Summary of discussions and agreements with the banke.g. in Marp since Jan 2011 . Have been on interest only since then. 

Been in reduced payments for 18 months or so of400



Other loans and creditors - delete those which don't apply to you
Overdraft - 1,000
Credit Card - 3,000 with ptsb - interest frozen and have agreement to pay 10 euro per week 
Credit Union e.g. Loan of €5,000 against shares of €2,000 - none 
Car loan e.g. 10,000 left at 7% - none 
Family 
Vodafone - unpaid bill 500 euro - repaying 10 per week

Other savings and investments - none 


How important is retaining the family home to you? 
Which of the following best describes your situation?

I really want to keep the family home even if it means having a large mortgage and negative equity for years to come.


Any other relevant information

At the moment 400 is max they can pay and that leaves no room for emergencies etc - given first persons employment situation there is no prospect for income increase in the future and one partner is unable to return to work. 

They would like to get a long term deal based on their repayment capacity that allows them to keep the family home. Are bank of Scotland doing such deals ?

Thanks in advance


----------



## Dr.Debt (14 Jun 2013)

Is there any likelihood of an inheritance or lump sum payment from employment down the line.

In my view this couple are not able to pay much more than the 400 from their current income however if there is some chance that they may come into some money in the future I would recommend them to talk to their bank about a split mortgage.


----------



## Needshelp (14 Jun 2013)

Hi

Thanks for reply. There is no likelihood of inheritance or lump sums becoming available in the future.

Any suggestions on how we should approach the bank or are they coming up with solutions in cases like this ?

Thanks


----------



## Dr.Debt (14 Jun 2013)

This is a tricky situation for your friend because the house is actually in positive equity and the banks own interest will be best served by selling the house, in which event it will recover its money in full. Make no mistake, the bank will be pushing for this option.

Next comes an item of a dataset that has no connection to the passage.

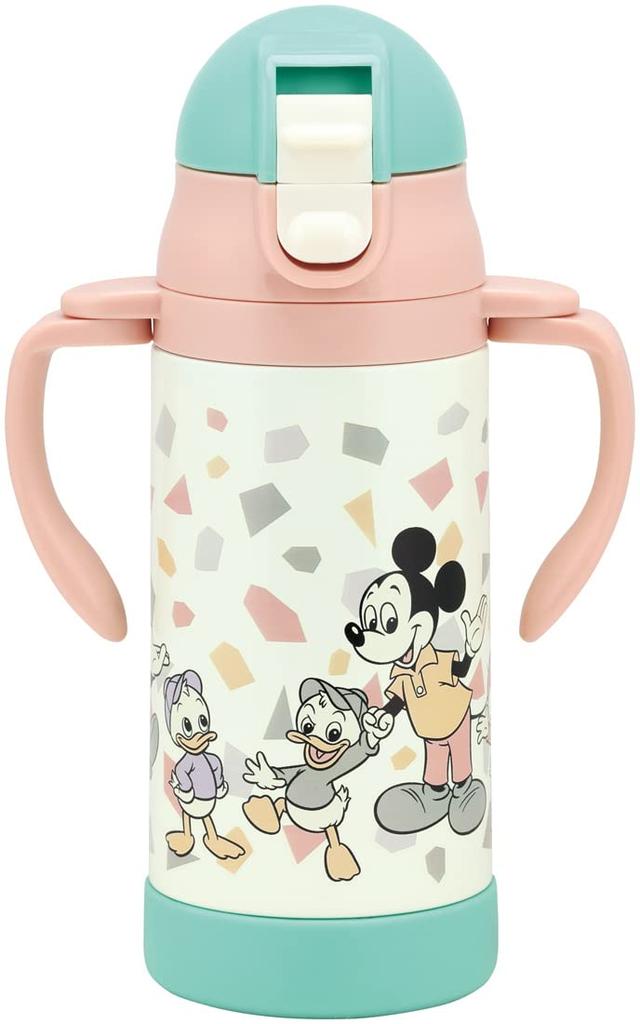 Skater Stainless Steel Water Bottle with Baby Disney Mickey Mouse and Friends Retro 350ml (STWM3N-A) Double-Handled Straw, Mug, Design,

If there was some chance of a windfall down the line, then the bank may agree to a split mortgage but this doesn't appear to be a runner either.

The bank will not agree to a writedown as the property is in positive equity.

I think your friend has two main options :

1) Either concede that the mortgage is unsustainable, agree to sell the house and buy a less expensive house for 100K

OR

2) Make an all out effort to increase the family income by about 600 per month
either through part time work or whatever else.

I hope it works out

Dr.Debt


----------



## Needshelp (14 Jun 2013)

Thank you


----------



## Gerry Canning (14 Jun 2013)

As long as you are reasonably paying what you can afford on a Family Home and since you are covering the Interest element, I just CANNOT see repossession here.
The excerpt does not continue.